Elles furent très hostiles, notamment à gauche. Je me souviens du coup de téléphone d’une députée PS m’insultant : « Vous faites le jeu du Front national ! » Presque tout le monde – y compris le ministre de l’Education, Lionel Jospin, ou celui de la Culture, Jack Lang – trouvait qu’on était bien intolérant­s.

Le président François Mitterrand aussi. Et il vous l’a même dit explicitem­ent…

Oui, c’était la semaine où Le Nouvel Observateu­r est sorti. Avec Robert, nous étions à Saint-Malo, et François Mitterrand est venu nous voir. Je me souviens bien de ce déjeuner : le président n’était pas content du tout. Il m’a dit : « Je ne sais pas ce que vous reprochez à ces jeunes filles, elles sont charmantes avec leur petit foulard. » C’est dire que pour lui non plus ce n’était pas important. Quant à la position de principe de Lionel Jospin devant l’Assemblée nationale – tenter de convaincre les filles d’ôter leur voile ou se résoudre à les laisser entrer –, qui fut ensuite entérinée par le Conseil d’Etat, c’était l’aveu d’une démission. On se soumettait à ces deux gamines. Il suffisait qu’elles disent non ; nous répondions : « Eh bien, entrez quand même. » Oui, j’ai vraiment eu le sentiment qu’on était désarmés, que la laïcité ne serait plus défendue. Dorénavant, c’était la religion d’abord.

Quand on se replonge dans l’affaire, on a le sentiment paradoxal que l’opinion a énormément évolué. Que l’idée laïque a été revitalisé­e depuis…

Mais parce que les prétention­s de l’islamisme se sont répandues dans différents domaines : les hôpitaux, les crèches, les transports, les entreprise­s, etc. Les gens ont pris conscience – mais trop tard – que la laïcité nous protégeait et qu’il fallait la défendre contre l’imperium religieux intégriste, contraire à la cohésion nationale.

Vous sentez-vous plus ou moins seule qu’à l’époque sur ces questions-là ?
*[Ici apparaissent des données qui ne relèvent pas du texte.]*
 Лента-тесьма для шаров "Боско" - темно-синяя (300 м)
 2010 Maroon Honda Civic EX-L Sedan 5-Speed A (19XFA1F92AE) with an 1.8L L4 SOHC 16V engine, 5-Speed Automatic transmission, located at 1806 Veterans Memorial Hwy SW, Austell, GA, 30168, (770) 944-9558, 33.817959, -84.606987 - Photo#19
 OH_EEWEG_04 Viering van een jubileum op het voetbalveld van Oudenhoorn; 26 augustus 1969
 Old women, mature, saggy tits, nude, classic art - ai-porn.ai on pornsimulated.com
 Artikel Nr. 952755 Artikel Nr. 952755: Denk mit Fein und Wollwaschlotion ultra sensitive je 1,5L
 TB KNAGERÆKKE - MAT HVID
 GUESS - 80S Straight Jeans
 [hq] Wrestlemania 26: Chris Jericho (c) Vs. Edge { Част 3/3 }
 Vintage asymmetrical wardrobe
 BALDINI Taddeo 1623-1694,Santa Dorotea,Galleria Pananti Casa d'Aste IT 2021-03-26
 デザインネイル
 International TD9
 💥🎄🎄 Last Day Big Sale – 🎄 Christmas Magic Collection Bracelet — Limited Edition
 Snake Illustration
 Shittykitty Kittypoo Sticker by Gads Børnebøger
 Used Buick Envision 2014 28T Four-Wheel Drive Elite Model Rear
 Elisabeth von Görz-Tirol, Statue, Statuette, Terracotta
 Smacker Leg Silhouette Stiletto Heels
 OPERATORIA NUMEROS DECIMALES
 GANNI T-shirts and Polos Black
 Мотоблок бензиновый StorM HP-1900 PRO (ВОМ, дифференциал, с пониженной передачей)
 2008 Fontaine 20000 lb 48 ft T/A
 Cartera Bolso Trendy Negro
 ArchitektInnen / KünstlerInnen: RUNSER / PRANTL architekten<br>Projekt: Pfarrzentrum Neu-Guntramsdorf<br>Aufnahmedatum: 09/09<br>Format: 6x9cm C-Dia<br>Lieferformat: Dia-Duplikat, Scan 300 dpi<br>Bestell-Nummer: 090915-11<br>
Je me sens moins seule car j’ai reçu beaucoup de messages d’anonymes et de personnes que je croise dans la rue… Depuis quelques années, je constate le soutien de femmes musulmanes laïques et séculières qui se battent, et qui sont un réconfort et un moteur puissant. Mais je me sens absolument trahie par une grande partie des médias et par les élus, tant ceux des cités que ceux de l’Assemblée nationale. Que de temps perdu depuis 1989 ! Avec l’arrivée des salafistes dans les banlieues à la fin des années 1990, on a assisté à la multiplica­tion d’exigences extravagan­tes, allant toujours plus loin dans le séparatism­e. Certaines gérantes de crèche m’ont rapporté avoir eu des requêtes du type : « Je ne veux pas que mon enfant mange à la même table qu’un enfant non musulman. » Ces requêtes, c’est la fin de notre modèle, la fin de l’universali­sme. Aujourd’hui, on peut mesurer ce que nous a coûté la faiblesse face à des assauts qui pouvaient sembler « épisodique­s », mais qui n’ont plus cessé de se répéter comme autant de diktats.